Constraint satisfaction and optimization

Optimization can be seen as a generalization of constraint satisfaction in a few different ways.

Clearly if you can find the optimal configuration among all feasible configurations, then you can find at least one feasible configuration, which is the constraint satisfaction problem. So, from this point of view, algorithms to solve optimization problems can solve constraint satisfaction problems too, but it might be easier to say

Also, though, you can conceptualize the constraints of a constraint-satisfaction problem as real-valued functions that are multiplied together, where those functions take the value 1 when the constraint is satisfied and 0 otherwise. Then, finding a maximum of the product is equivalent to finding a solution to the constraints. Many optimization algorithms will have an easier time if those factor functions are instead continuous and between 0 and 1 when the condition is false. And in fact this sort of thing is a common method (the “penalty method”) for incorporating constraints into optimization problems for solvers that don’t natively handle constraints. The very first constraint-satisfaction system for mechanical design, Sketchpad, apparently used gradient-descent to search for approximate solutions to geometrical constraint systems.

However, constraint satisfaction algorithms can also be used to solve optimization problems if you invoke them many times. If your objective function is y, you first seek a solution for y > 0. If successful, you seek a solution for y > 1; if successful, a solution for y > 4; if successful, a solution for y > 8; and so on until you fail, at which point you can approximate the optimum as closely as desired using binary search.

Logic

Logic is a very broad term, but in particular what I’m interested in are theorem provers and predicate logic, which can produce machine-checkable proofs of mathematical propositions — whether propositions of general interest, such as (most famously) the four-color theorem, or propositions having to do with particular pieces of software.

There is a lot of work currently going on in this space, with systems like Coq, Agda, Idris, Isabelle-HOL, Z3, Mizar, and Epigram being actively developed, and systems like CompCert and seL4 being proved.

Much of the initial work on program correctness came from a desire to ensure that all programs were correct, for reasons having to do with the risk-averse nature of military bureaucracies, rather than any kind of rational cost-benefit analysis. But in practice, many programs do not even have a well-defined specification that they could conceivably fail to conform to, nor is it a good use of the irreplaceable million or less hours of a human being’s life to write one. It’s often adequate to try things and see what happens.
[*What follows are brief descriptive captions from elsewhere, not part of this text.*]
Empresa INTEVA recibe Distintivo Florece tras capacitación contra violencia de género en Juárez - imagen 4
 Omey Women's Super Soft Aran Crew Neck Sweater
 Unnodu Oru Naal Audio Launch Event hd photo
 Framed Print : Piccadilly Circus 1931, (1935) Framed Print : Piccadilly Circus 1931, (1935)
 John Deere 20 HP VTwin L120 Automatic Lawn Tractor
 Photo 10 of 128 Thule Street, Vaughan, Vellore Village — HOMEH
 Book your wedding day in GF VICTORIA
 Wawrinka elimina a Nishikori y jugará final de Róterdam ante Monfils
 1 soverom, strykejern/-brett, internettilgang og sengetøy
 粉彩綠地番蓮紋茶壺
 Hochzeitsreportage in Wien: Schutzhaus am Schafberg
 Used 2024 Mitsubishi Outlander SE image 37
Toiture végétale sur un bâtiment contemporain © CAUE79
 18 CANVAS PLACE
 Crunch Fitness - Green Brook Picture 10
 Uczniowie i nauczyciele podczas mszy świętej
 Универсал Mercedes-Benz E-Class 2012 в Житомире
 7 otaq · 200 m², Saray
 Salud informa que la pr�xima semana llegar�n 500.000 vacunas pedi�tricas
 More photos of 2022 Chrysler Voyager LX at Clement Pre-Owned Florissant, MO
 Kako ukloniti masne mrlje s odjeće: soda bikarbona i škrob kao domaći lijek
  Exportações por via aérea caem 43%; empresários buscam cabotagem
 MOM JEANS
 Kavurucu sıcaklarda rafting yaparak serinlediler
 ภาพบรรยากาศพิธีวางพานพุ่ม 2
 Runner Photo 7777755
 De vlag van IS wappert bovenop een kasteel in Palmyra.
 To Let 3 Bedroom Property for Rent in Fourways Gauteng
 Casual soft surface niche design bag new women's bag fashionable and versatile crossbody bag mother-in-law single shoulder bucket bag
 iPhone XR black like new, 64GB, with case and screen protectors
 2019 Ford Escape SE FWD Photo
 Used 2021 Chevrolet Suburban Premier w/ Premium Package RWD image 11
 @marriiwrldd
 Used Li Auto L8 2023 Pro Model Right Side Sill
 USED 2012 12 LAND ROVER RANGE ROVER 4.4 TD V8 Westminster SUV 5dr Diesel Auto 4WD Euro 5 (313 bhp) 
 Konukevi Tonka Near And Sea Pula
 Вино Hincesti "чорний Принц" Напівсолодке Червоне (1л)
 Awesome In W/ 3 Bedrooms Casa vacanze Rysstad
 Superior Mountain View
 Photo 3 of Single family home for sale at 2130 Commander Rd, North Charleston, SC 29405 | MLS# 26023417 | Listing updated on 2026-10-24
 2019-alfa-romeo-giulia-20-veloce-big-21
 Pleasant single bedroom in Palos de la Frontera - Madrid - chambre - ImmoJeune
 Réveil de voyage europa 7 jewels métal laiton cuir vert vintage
To me, proving programs correct is of interest for four reasons: compiler optimization, user interface innovations, software security, and embedded systems.

It’s interesting for compiler optimization because if an unoptimized program can be proven equivalent to the original program, the correctness of the optimizer or optimizers is a moot point, and indeed some kind of random search over all feasible programs may be adequate (as Sorav Bansal proposed in his thesis, Peephole Superoptimization).

(Note that “optimization” here is used in a sense unrelated to the “Mathematical optimization” section above.)

It’s interesting for user interface innovations because the interactive process of creating a machine-checkable proof with a proof assistant like Coq is very different from the traditional batch-job-inspired workflow of writing a program in a text editor in a compiled language and then feeding it to a compiler. I don’t have enough experience with this process yet to figure out whether it has innovations that can be applied more widely to the process of creating things using computers.

It’s interesting for software security because trying things and seeing what happens is never adequate to produce secure software, although it may be adequate to find security holes. Often when a security hole is detected in the field, it is already too late to prevent disastrous effects. So significant effort toward other ways to prevent them seems like it would be justified.

It’s interesting for embedded systems for a somewhat similar reason.

If my production database server crashes, the production cluster can fail over to a secondary and save the logs and a core dump, and in the morning I can inspect the core dump and the logs to figure out what went wrong. Then I can fix the bug, recompile the database software, and upgrade across the cluster. The cost of the failure is low (assuming it wasn’t a security hole), and it’s highly inspectable and reparable.

By contrast, if the software on the Arduino controlling an autonomous toy car, the car may be run over by a truck, and possibly all the Arduino can do to make the error debuggable is to blink an LED. It doesn’t have space for a core dump. The cost of the failure is high, and it’s poorly inspectable and reparable. (The situation is even worse if it’s an automatic implantable defibrillator.)

So for embedded systems, it’s highly desirable to detect errors at compile time rather than run time.

Logic and constraint satisfaction

In some sense, theorem-proving is merely an application of constraint satisfaction: you have some set of axioms and inference rules which you’ve previously decided are reasonable or at least consistent, and you’re searching for a proof which starts from those axioms, is valid according to those inference rules, and ends with your desired conclusion. That’s clearly a constraint-satisfaction problem.

But constraint satisfaction is also merely an application of theorem-proving. A constructive theorem prover, given the task of proving that some set of constraints C is satisfiable, will produce a constructive proof, which is a way to construct a configuration satisfying them. But even a non-constructive prover can be used, at least for a finite set of design variables; you repeatedly attempt to prove that a given design variable is in a given range.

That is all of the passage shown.